I have encountered a problem in the interlinearization mode of ELAN 7.1 (Apple Silicon; similar behavior on Windows). The lexicon analyzer does not seem to parse sequences of stems or roots, even though all morphemes exist in the lexicon. For example:

stemstemsuffix outputs stem-*-suffix

I tried a workaround with manually configuring a set of parse and gloss analyzers. While this parse the sequence and retrieve the gloss, sense-level associated fields (such as grammatical category and sense id) are not retrieved during ambiguity selection when the lexical entry concerned has multiple senses. I did not test this very systematically (meaning that I didn’t try out every possible combination/order of analyzers).

A set of minimal working examples can be downloaded here. They include a test lexicon file, an .eaf file configured with the lexicon analyzer, and an .eaf file with manually configured gloss analyzers.

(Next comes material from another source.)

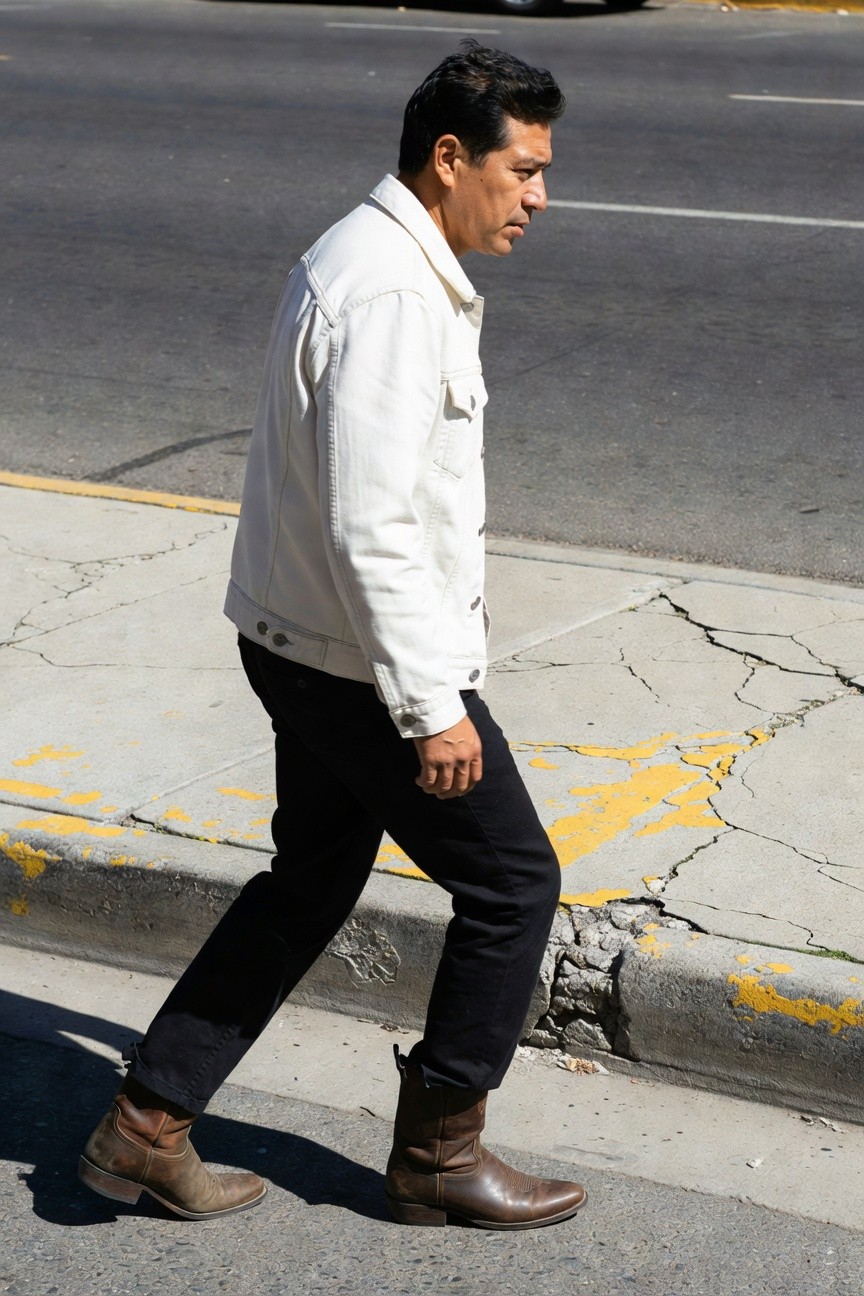 Man in off-white denim jacket, slim black pants, and brown cowboy boots walking on cracked sidewalk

I would greatly appreciate your help with this. My understanding is that a fix of the lexicon analyzer would be the most convenient to end users (if it is indeed a bug). However, if the next release is not going to be ready soon, I would also be grateful for any advice of a temporary workaround.

Thank you so much as always!

Best wishes,
Weijian

divya.kanekal · 1 June 2026 09:02

Dear Weijian ,

Thank you for the details and example files.

I can confirm this is indeed a bug in the Lexicon Analyzer. In all these cases, the middle morpheme is not resolved even if it exists in the lexicon, and the missing marker (*) is produced instead. This is particularly impactful for languages with productive reduplication or compounding The fix handles all of these combinations.

A fix has been identified that resolves all of these combinations in one go, and it will be included in an upcoming release.

Regarding workaround : until the fix is released, the Parse and Gloss Analyzer combination remains the most practical workaround for the parsing itself, but if sense-level field retrieval is critical for your work, there is unfortunately no complete workaround available at this time.